_WORK REQUIRED_: If pictures appear among the lines below, leave them out while you return exactly the lines from the one with "project end table" through the one with "Cargar imagen en".

_SUPPLIED DATA_:
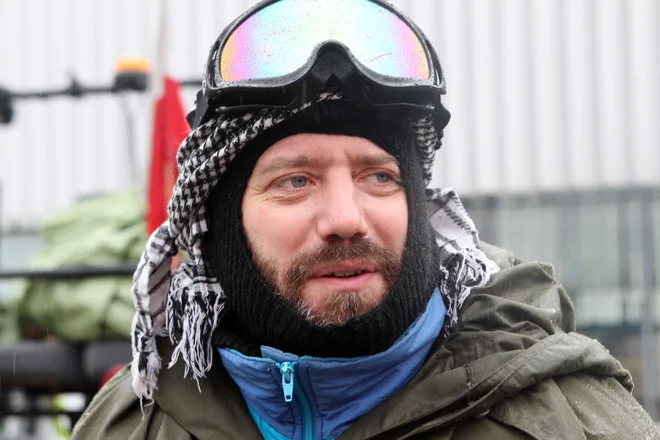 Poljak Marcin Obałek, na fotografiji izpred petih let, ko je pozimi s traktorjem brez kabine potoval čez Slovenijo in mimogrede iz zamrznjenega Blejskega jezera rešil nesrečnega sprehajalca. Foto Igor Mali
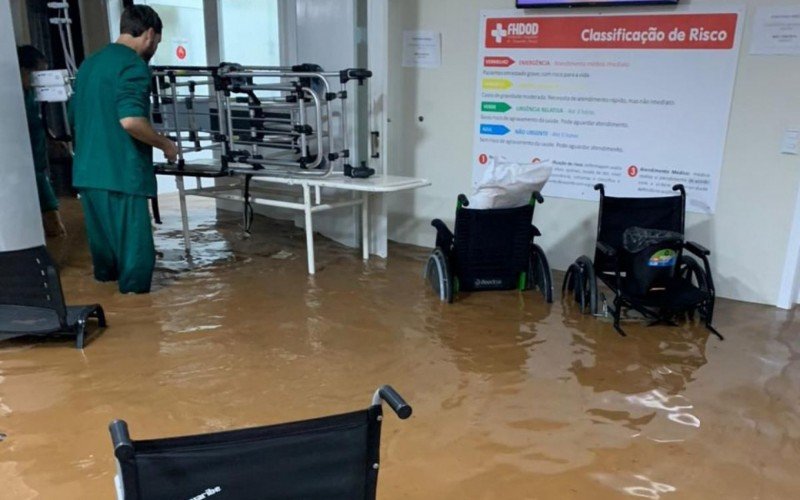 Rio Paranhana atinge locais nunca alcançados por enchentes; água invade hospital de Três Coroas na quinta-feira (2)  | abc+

* * *

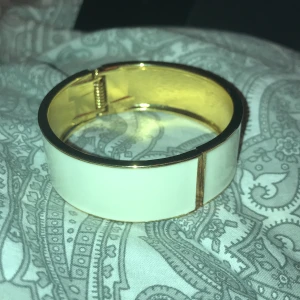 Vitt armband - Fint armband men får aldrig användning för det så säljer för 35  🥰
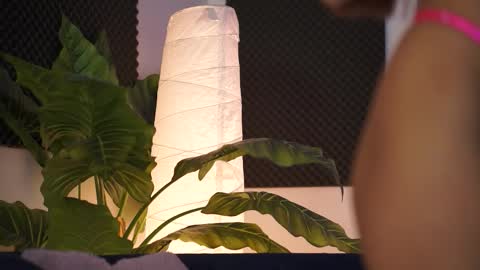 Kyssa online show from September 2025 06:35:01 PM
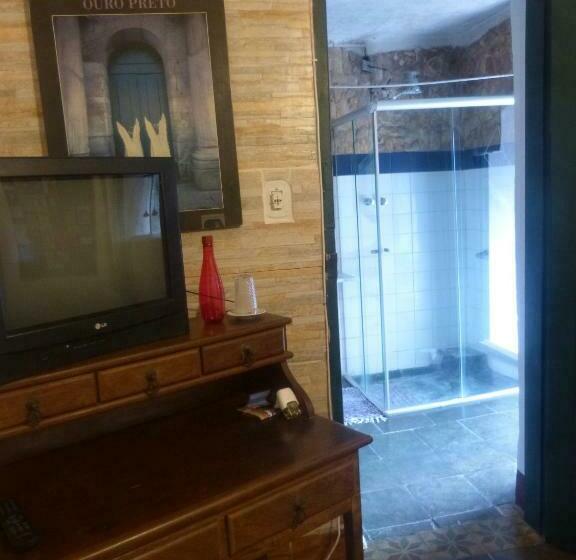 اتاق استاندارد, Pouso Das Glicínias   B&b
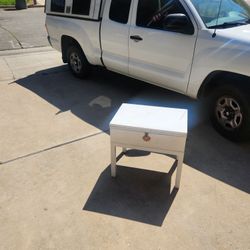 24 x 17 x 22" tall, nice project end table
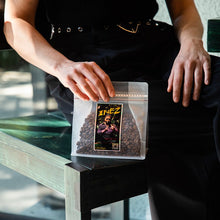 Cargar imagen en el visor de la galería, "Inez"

_OUTPUT BELOW_:
 24 x 17 x 22" tall, nice project end table
 Cargar imagen en el visor de la galería, "Inez"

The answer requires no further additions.